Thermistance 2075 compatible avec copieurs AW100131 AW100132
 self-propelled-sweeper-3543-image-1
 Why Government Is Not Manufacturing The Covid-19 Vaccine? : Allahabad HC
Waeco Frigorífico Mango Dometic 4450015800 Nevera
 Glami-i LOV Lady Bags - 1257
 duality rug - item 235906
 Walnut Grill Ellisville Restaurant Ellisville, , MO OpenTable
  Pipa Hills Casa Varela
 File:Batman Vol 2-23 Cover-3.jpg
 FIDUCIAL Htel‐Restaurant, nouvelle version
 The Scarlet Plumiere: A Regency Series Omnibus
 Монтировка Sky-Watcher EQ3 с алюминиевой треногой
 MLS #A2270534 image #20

#####

[Your instructions] Copy out all lines of the material above in which "image" occurs.

[Output of the exercise]
 self-propelled-sweeper-3543-image-1
 MLS #A2270534 image #20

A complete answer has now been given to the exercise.